Task to carry out: Every picture stays out; everything else in the listing below is to be returned exactly.

Exercise data:

==================================================

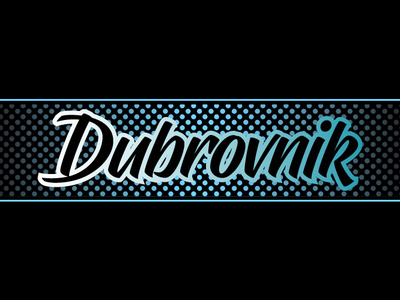 Dubrovnik City logo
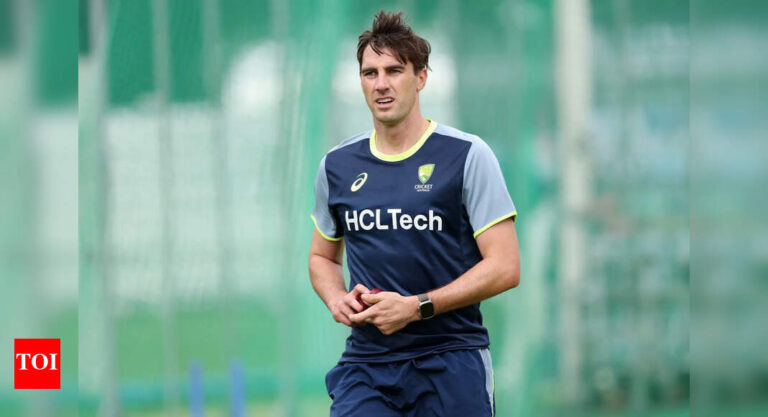 WTC Final: ‘Two maces would be special, but 2023 World Cup tops it’ – Pat Cummins reflects on his legacy | Cricket News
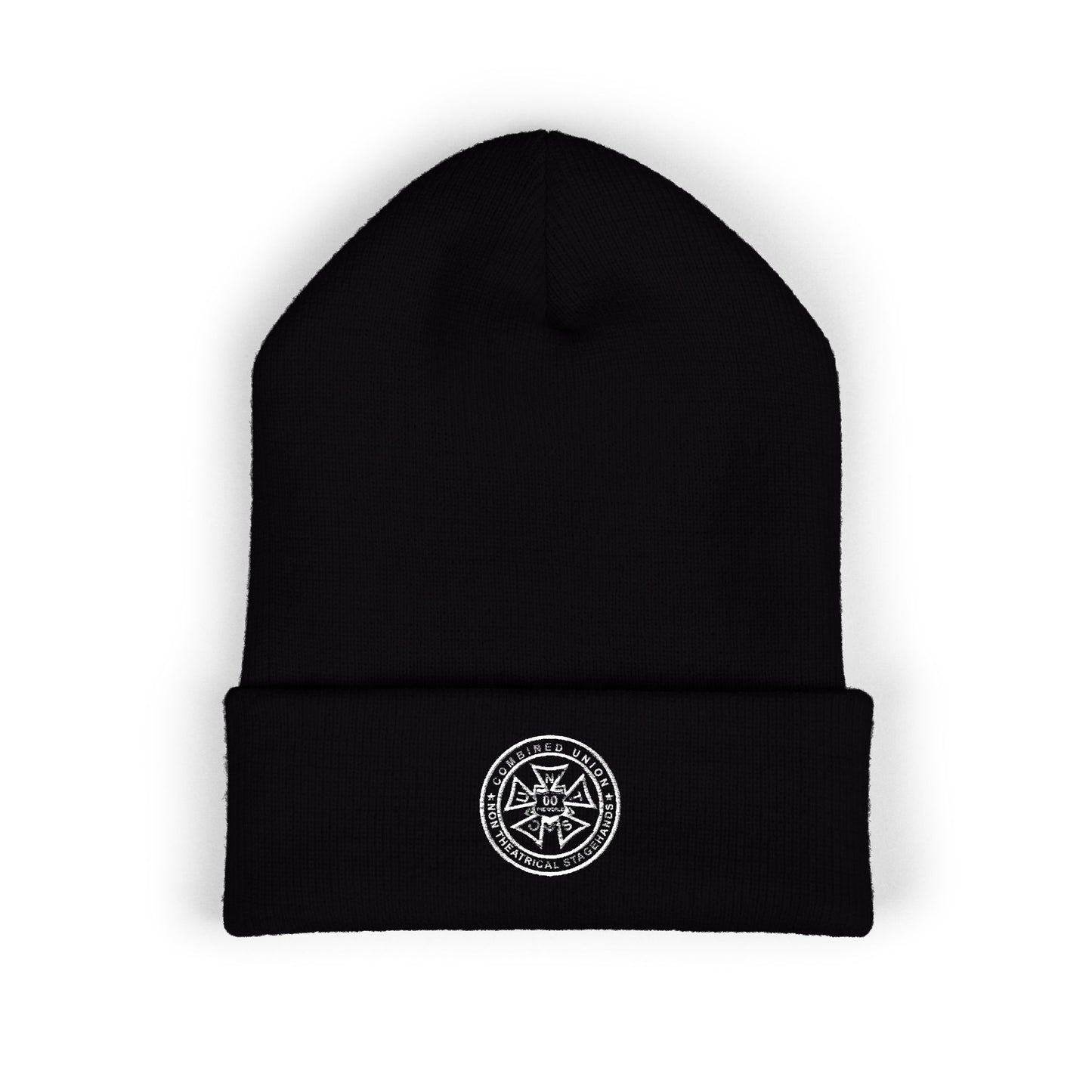 Classic Cuffed C.U.N.T.S Beanie (Embroidery)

==================================================

Finished exercise:
 Dubrovnik City logo
 WTC Final: ‘Two maces would be special, but 2023 World Cup tops it’ – Pat Cummins reflects on his legacy | Cricket News
 Classic Cuffed C.U.N.T.S Beanie (Embroidery)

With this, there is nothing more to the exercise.